* What to do
In the material below, find every line with "image" and pull it out.

::::::::

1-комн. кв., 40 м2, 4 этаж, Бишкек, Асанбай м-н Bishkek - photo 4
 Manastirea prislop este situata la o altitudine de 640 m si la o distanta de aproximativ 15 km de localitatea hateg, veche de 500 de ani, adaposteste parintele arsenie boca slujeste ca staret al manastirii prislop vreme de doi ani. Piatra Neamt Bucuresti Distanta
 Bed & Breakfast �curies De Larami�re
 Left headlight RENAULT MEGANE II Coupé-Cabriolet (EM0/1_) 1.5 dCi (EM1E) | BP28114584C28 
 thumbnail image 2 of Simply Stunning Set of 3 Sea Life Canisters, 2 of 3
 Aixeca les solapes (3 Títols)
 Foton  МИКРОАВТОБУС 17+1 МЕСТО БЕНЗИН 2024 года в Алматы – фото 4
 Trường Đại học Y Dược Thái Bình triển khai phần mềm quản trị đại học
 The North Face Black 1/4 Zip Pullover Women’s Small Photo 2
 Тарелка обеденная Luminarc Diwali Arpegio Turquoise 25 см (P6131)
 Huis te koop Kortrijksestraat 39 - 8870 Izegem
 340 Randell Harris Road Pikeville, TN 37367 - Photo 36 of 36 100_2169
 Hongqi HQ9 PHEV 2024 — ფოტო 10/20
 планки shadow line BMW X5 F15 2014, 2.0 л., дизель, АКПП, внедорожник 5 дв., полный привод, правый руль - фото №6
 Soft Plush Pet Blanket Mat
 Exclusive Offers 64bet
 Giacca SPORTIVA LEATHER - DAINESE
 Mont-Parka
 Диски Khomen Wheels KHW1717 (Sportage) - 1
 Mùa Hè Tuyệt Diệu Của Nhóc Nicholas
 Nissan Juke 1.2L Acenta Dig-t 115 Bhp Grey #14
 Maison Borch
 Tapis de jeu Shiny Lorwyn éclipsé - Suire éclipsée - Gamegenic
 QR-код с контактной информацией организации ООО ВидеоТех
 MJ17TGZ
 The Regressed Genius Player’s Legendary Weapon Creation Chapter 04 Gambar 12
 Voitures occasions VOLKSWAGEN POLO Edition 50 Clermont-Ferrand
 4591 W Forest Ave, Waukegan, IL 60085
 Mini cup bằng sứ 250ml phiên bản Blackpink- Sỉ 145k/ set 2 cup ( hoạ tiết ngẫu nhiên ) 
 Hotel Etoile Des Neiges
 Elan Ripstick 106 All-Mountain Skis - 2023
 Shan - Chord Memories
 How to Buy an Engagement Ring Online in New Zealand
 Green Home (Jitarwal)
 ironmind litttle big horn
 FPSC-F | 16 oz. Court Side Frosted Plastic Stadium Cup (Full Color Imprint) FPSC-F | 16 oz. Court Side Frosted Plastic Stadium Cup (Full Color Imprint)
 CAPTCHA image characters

::::::::

* Exercise result
 thumbnail image 2 of Simply Stunning Set of 3 Sea Life Canisters, 2 of 3
 CAPTCHA image characters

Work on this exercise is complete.